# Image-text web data
##############################

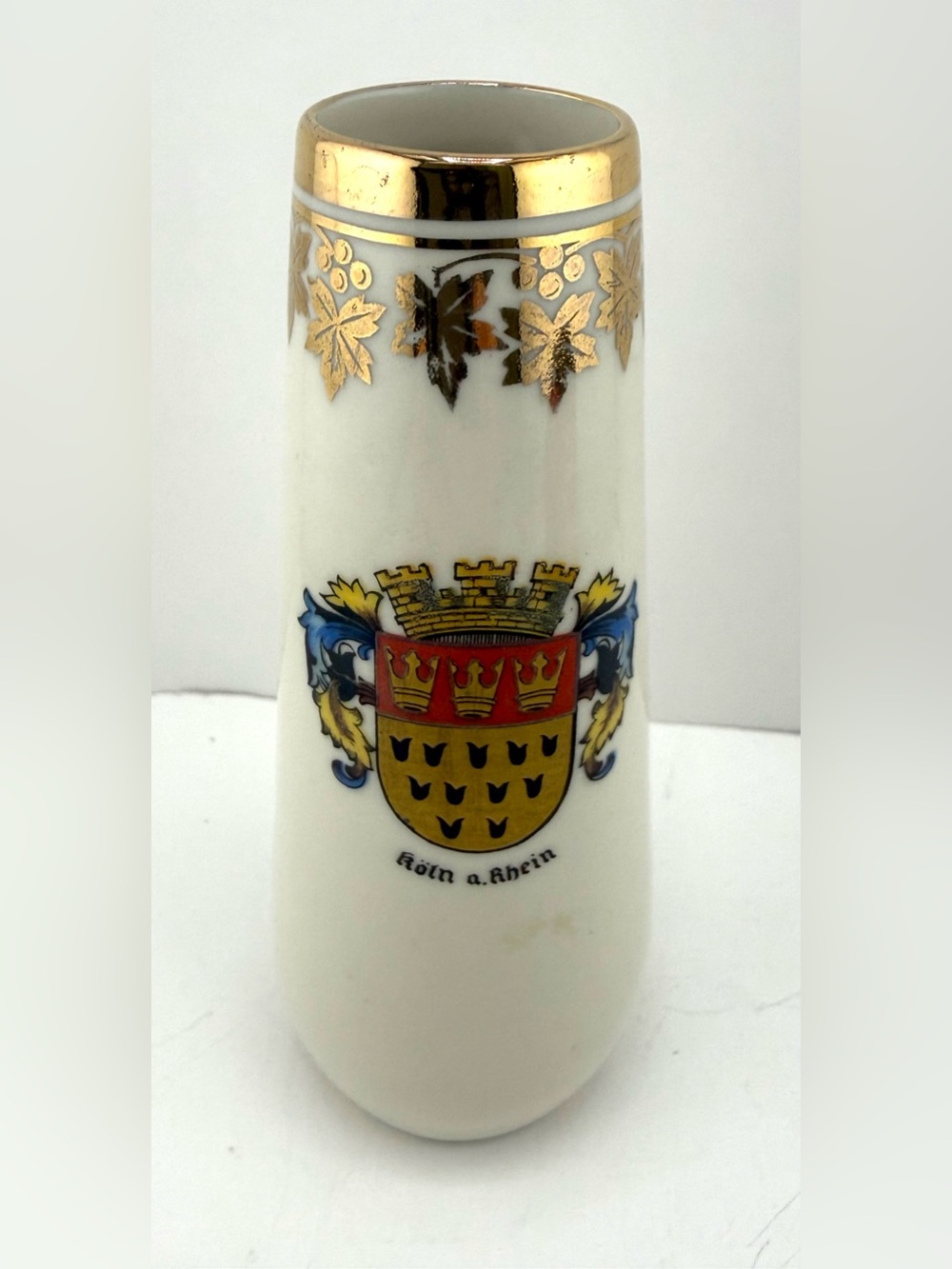 Vintage German porcelain souvenir bud vase
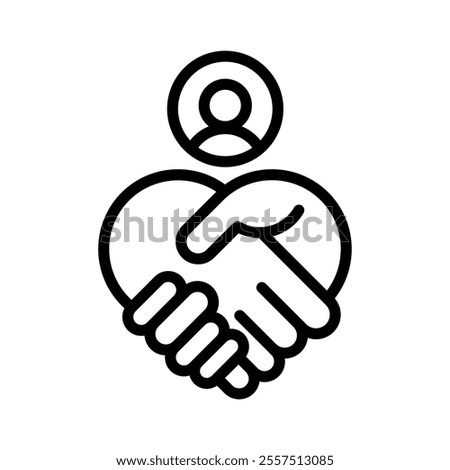 customer loyalty icon line vector illustration on white background.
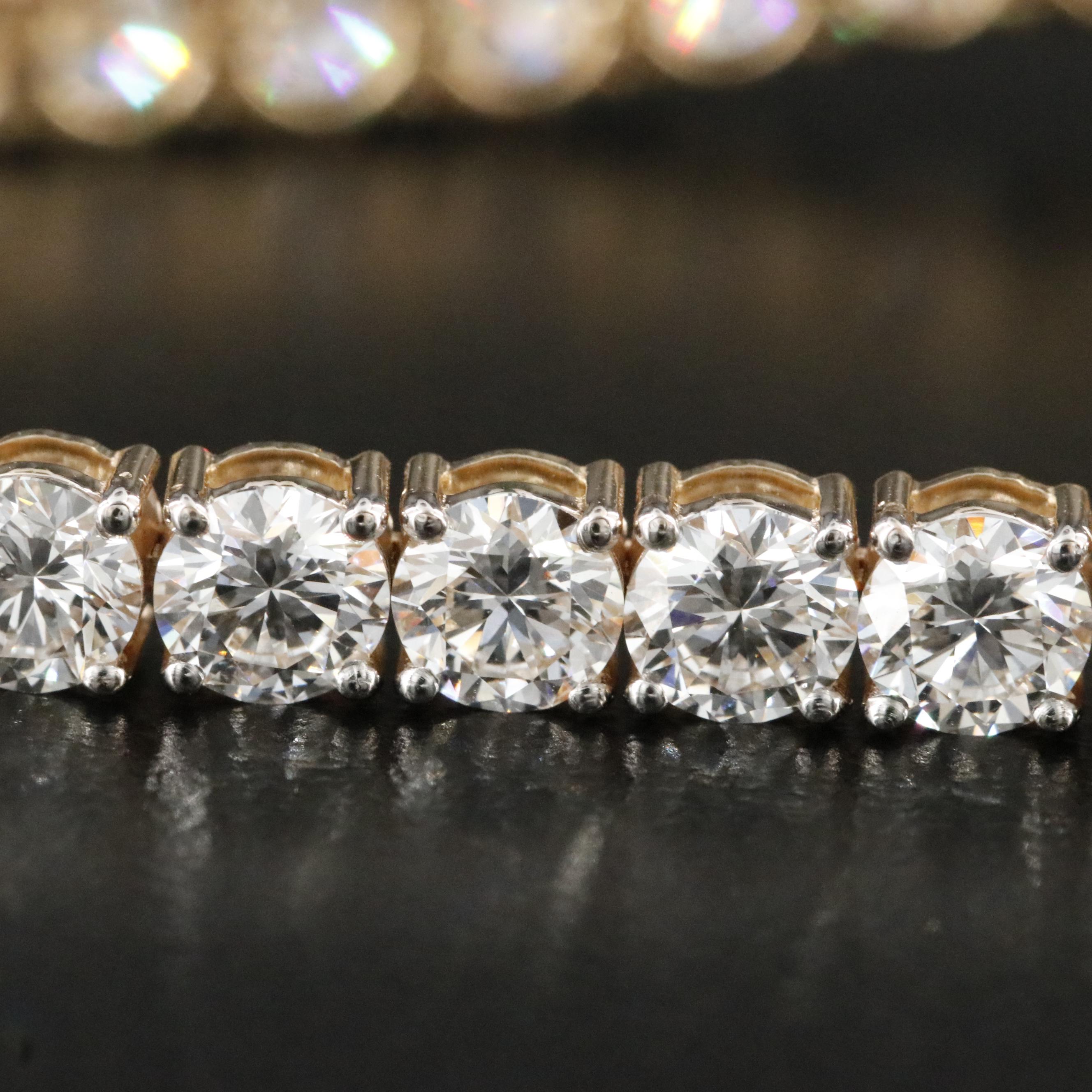 14K 12.27 CTW Lab Grown Diamond Line Bracelet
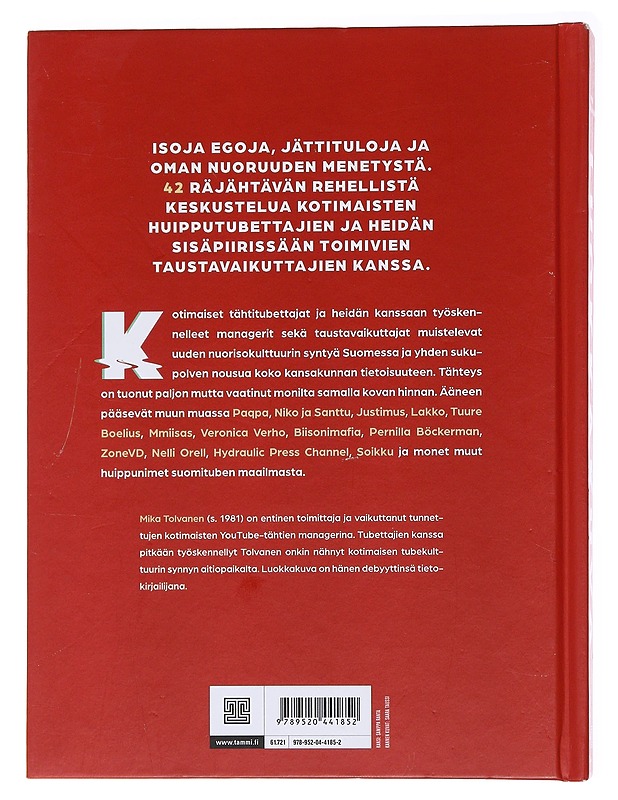 Luokkakuva : Suomituben sisäpiirissä - Tolvanen, Mika - Elämäkerrat ja muistelmat - 10105486064 - 1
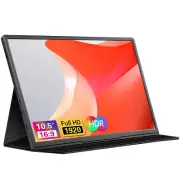 10.5inch Portable Monitor 1920x1280P FHD IPS Screen USB-C Laptop Monitor Second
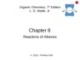 Lecture Organic chemistry: Chapter 8 - L. G. Wade, Jr.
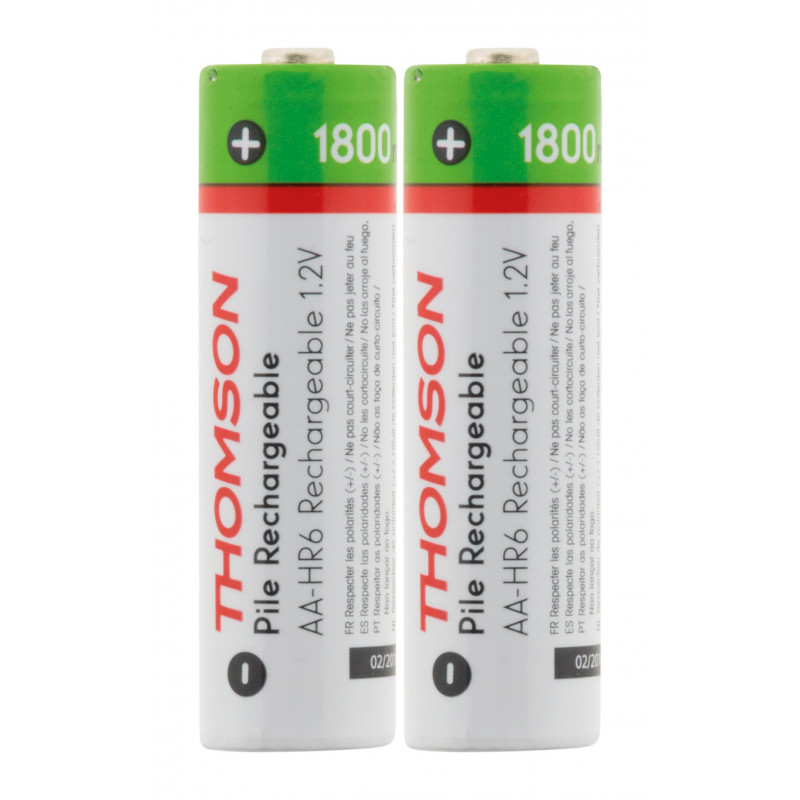 Pack 2x piles rechargeables HR06 AA 1800 mAh - Thomson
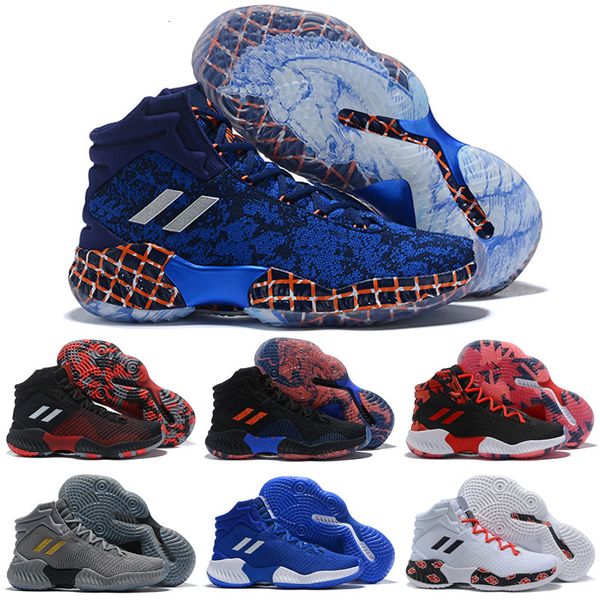 

new new arrival pro bounce kids basketball shoes for good qaulitys multicolor shoes sneakers sports mens trainers, Black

##############################

# DIRECTIONS FOR THIS TASK
Return the data verbatim, leaving out the pictures it holds.

# WRITTEN ANSWER
 Vintage German porcelain souvenir bud vase
 customer loyalty icon line vector illustration on white background.
 14K 12.27 CTW Lab Grown Diamond Line Bracelet
 Luokkakuva : Suomituben sisäpiirissä - Tolvanen, Mika - Elämäkerrat ja muistelmat - 10105486064 - 1
 10.5inch Portable Monitor 1920x1280P FHD IPS Screen USB-C Laptop Monitor Second
 Lecture Organic chemistry: Chapter 8 - L. G. Wade, Jr.
 Pack 2x piles rechargeables HR06 AA 1800 mAh - Thomson

new new arrival pro bounce kids basketball shoes for good qaulitys multicolor shoes sneakers sports mens trainers, Black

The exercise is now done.